Guest blog by Dr Steffen Oppel, Senior Conservation Scientist, RSPB Centre for Conservation Science
Henderson Island (Pitcairn Group, UK Overseas Territory) is one of the most remote islands on the planet. It is uninhabited, and situated over 3,000 miles from the nearest continent. The island is home to over 55 species found nowhere else on earth, including four unique land-birds.
Arriving at Henderson Island
On 22 May 2015, the RSPB expedition team arrived on Henderson Island after a smooth sail from Pitcairn Island. After two strenuous days of unloading research equipment from the supply ship, the team started work to better understand the ecology of this remote and rarely visited island.
Photo of Henderson Island by Andrew MacDonald (rspb-images.com)
Getting to know the rats
Henderson’s unique biodiversity is currently under threat due to the presence of introduced Pacific rats. One of the key goals of the 2015 expedition is to get a better understanding of the density and movement ranges of rats on the island. The team cut several trails and deployed 250 rat traps on the island, and started catching rats and marking them with numbered ear tags. Frequent recapture of individually identifiable rats will provide information on movement ranges and survival rates.
Monitoring the birds
The team also started monitoring the four endemic landbird species (Henderson fruit-dove, Henderson lorikeet, Henderson rail and Henderson reed-warbler) on Henderson to assess whether populations have changed in the four years since the failed rat eradication attempt.
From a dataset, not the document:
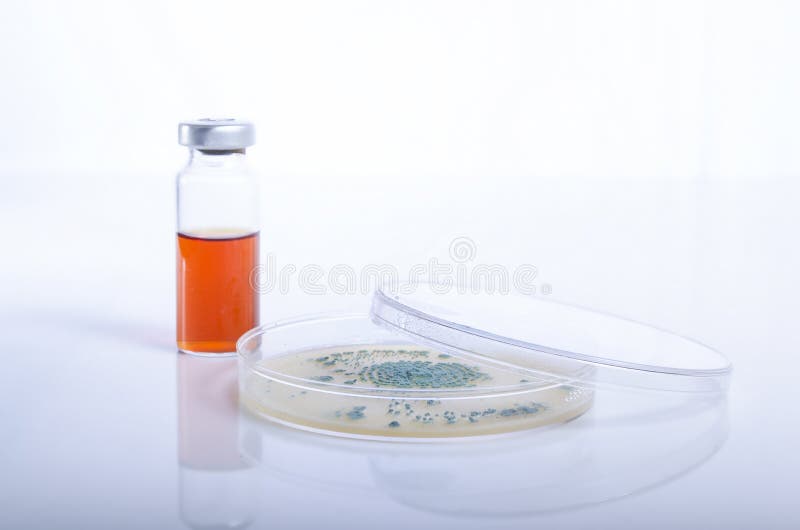 Microbiology Petri Dish with Bacteria and Growth Stock Photo Image of manufacturing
All four species are present in seemingly healthy numbers, and the skies above Henderson Island are full of wailing petrel species getting ready to breed.
Photo of Henderson Rail (one of the four endemic landbird species) by Richard Cuthbert (rspb-images.com).
Monitoring the plants
Lorna, the team's botanist, has started collecting some of the island's plants and has erected a time lapse camera to monitor the island's flowering and fruiting patterns over time.
Over the next 3 months the team will collect more data on vegetation, landbirds, rats, and seabirds, before being relieved by another crew at the end of August.
The Henderson expedition is funded by The Darwin Initiative and David & Lucile Packard Foundation.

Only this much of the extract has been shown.